What Is Scalping in Trading?
Scalping is an ultra-short trading style that profits from tiny price moves, holding positions for seconds to minutes and relying on high win frequency and tight costs.
What Is Scalping in Trading?
Scalping is the shortest-term trading style, holding positions for seconds to minutes to capture very small price moves. Scalpers make many trades per session, aiming for high win frequency and tiny per-trade profits that compound across dozens of trades a day.
| Feature | Scalping |
|---|---|
| Hold time | Seconds to a few minutes |
| Timeframe | Tick, 1-minute |
| Trades per day | 10–100+ |
| Profit per trade | A few ticks / pips |
| Overnight risk | None |
How scalpers make money
- High win rate.

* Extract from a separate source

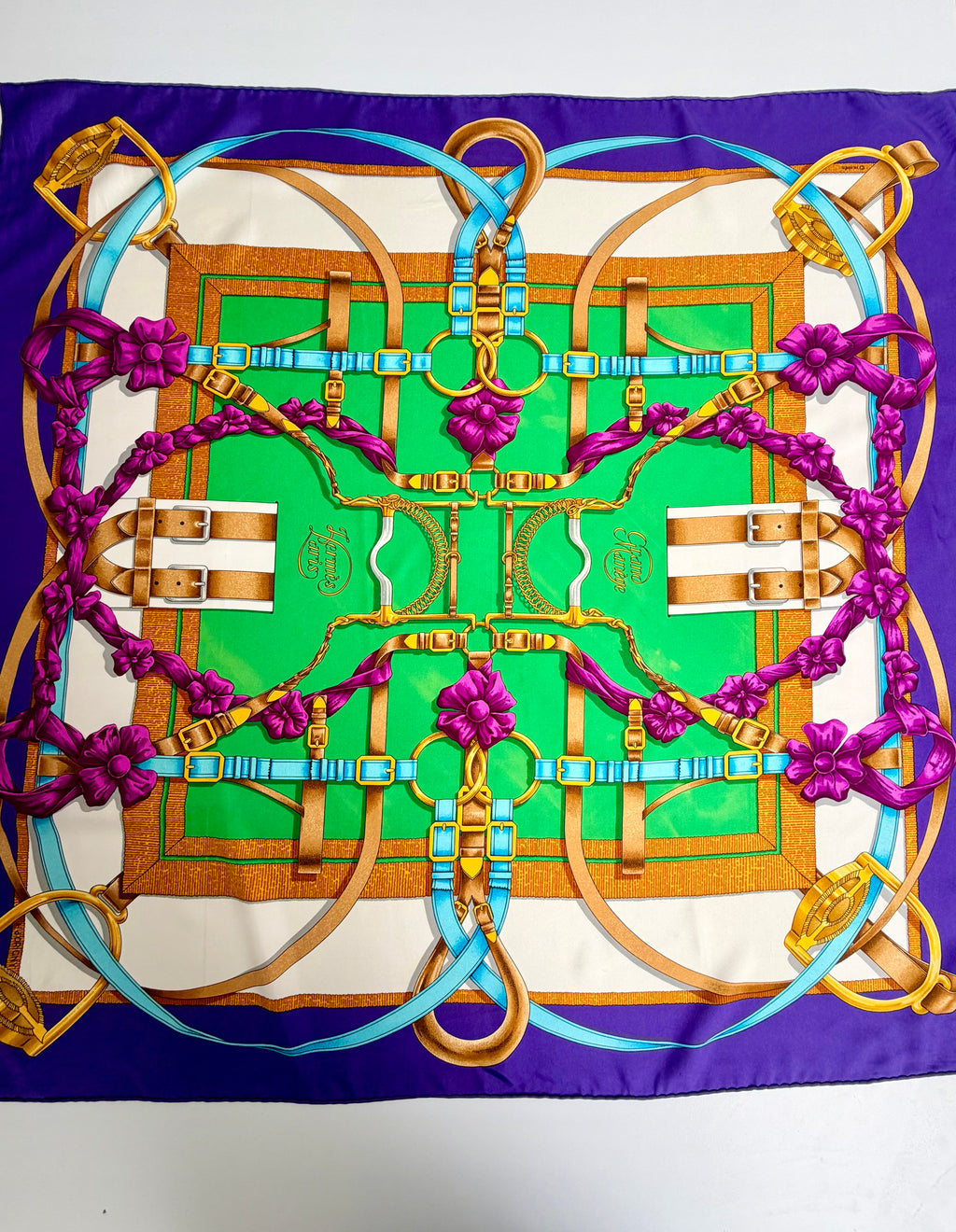 Hermès Grand Manège Silk Scarf 90x90 Purple Green Gold by Henri d’Origny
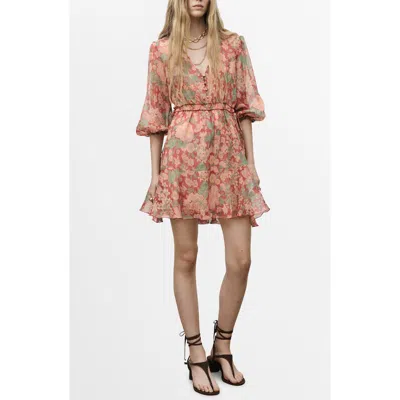 MANGO MANGO FLORAL PRINT PUFF SLEEVE MINIDRESS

Tiny targets are hit often — many scalpers aim for 60–80% wins.
- Tight stops. Risk per trade is small; one loss rarely wrecks the day.
- Frequency. Hundreds of small wins compound into a meaningful daily result.
The catch is costs: every trade pays spread + commission, so the edge per trade must exceed the cost per trade or the strategy bleeds slowly.
Worked example
A forex scalper trades EUR/USD with a 0.2-pip spread and 0.4-pip commission (0.6 pips total cost).
- Buy at 1.10500; target 1.10530 (3 pips); stop at 1.10485 (1.5 pips).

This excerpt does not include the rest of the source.